Shezan Sheikh is one guy who seems heavily indebted to the guys from Bhayanak Maut, and it comes as no surprise when he says “Sunny has been my bro for donkey’s years, and there’s nothing I can say about him that you already don’t know already. His favourite words are “fuck this chatty cunt.” Apart from that he’s the best frontman in this whole goddamn country. While we were recording “Vanguard,” Venkatesh was cool enough to let us have his guitar for the entire process. And fuck, I’ve also shared the stage with Rahul once, where he sat behind the kit during the Pantera tribute night, where we played Domination with him.”



People sure do seem to lose any sense of physical limitations when Bhayanak Maut are performing. Khan says, “At one of the I-Rock gigs, I sprained my fucking ankle in the pit. I limped to the back, and as soon I reached a comfortable sitting spot they played MNS Messenger Live. There was this whole adrenaline rush and I ran back to the pit, literally pushing down a few bystanders After that, I had to sit my sorry ass down for a week. But it was totally worth it.”

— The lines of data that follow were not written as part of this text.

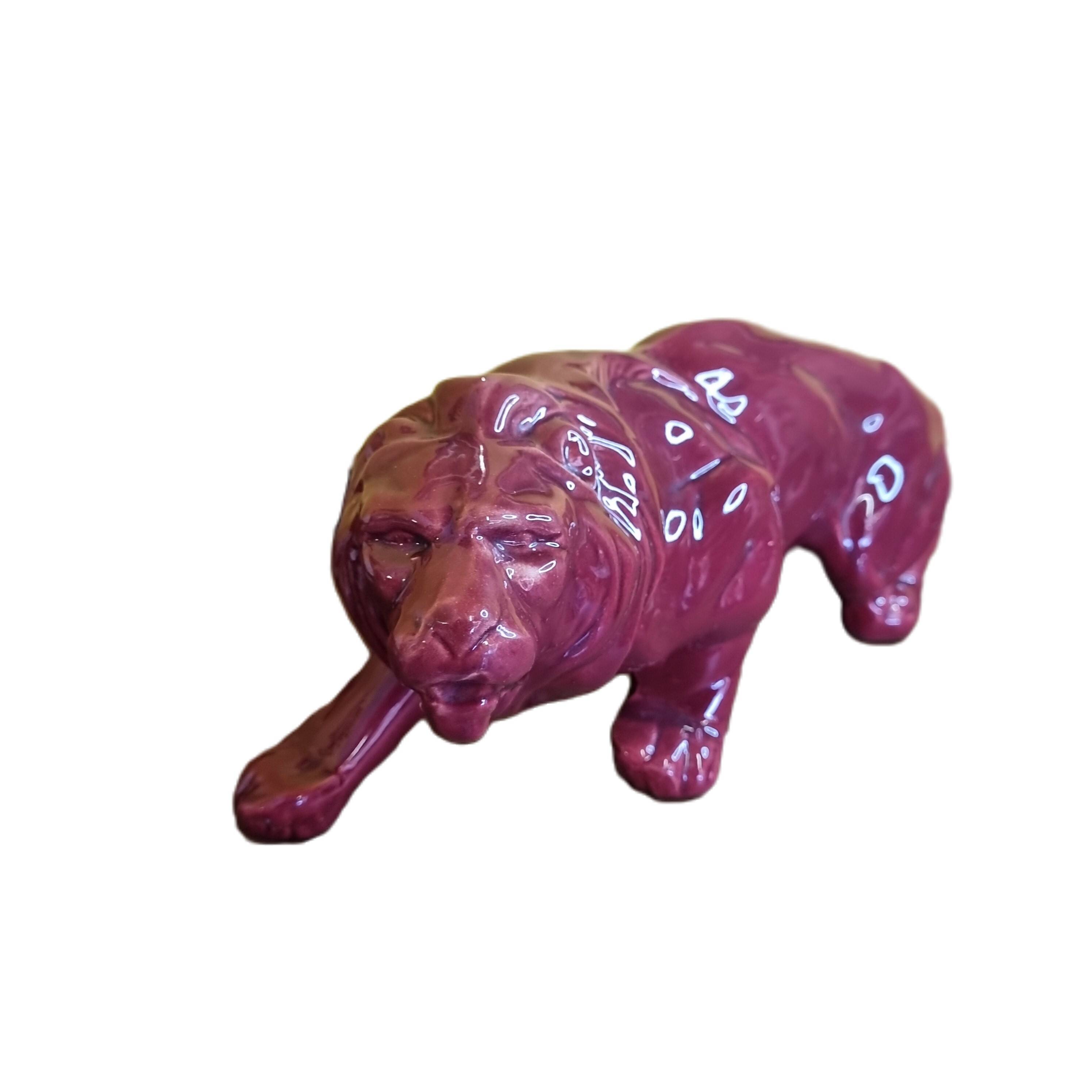 French Art Deco red glazed Ceramic Statue Of A Lion, 1930s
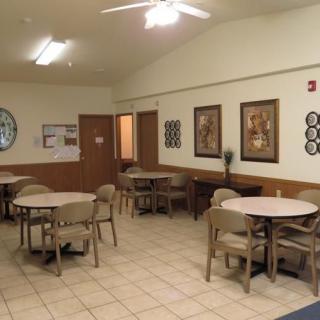An empty room with several tables and chairs, featuring wall decorations and a tile floor.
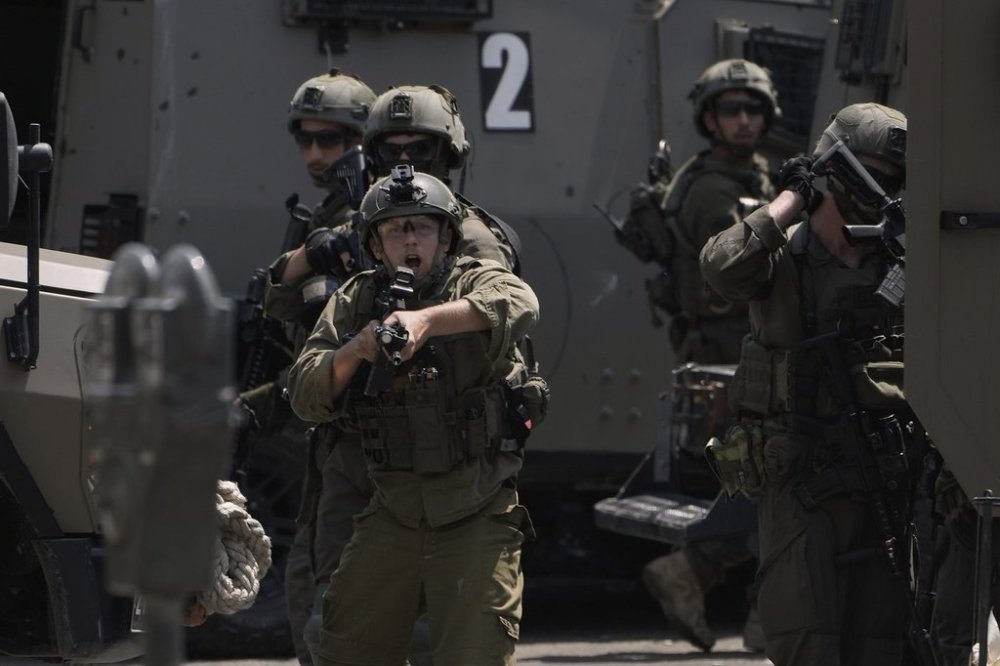 An Israeli soldier points his weapon during a military raid in the West Bank city of Nablus, Tuesday, June 10, 2025. (AP Photo/Majdi Mohammed)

All of this said and done, Bhayanak Maut, without a doubt are one of the most of most loved and admired bands in the city, the country even. So when the band announced they would continue without Venkatesh, a whole lot of the band’s followers felt disheartened. Prabhune says, “It was a sad moment at Marimba, when it was Vinay’s supposed last gig. The sorrow.” Luckily enough that didn’t happen, and it was another celebration altogether.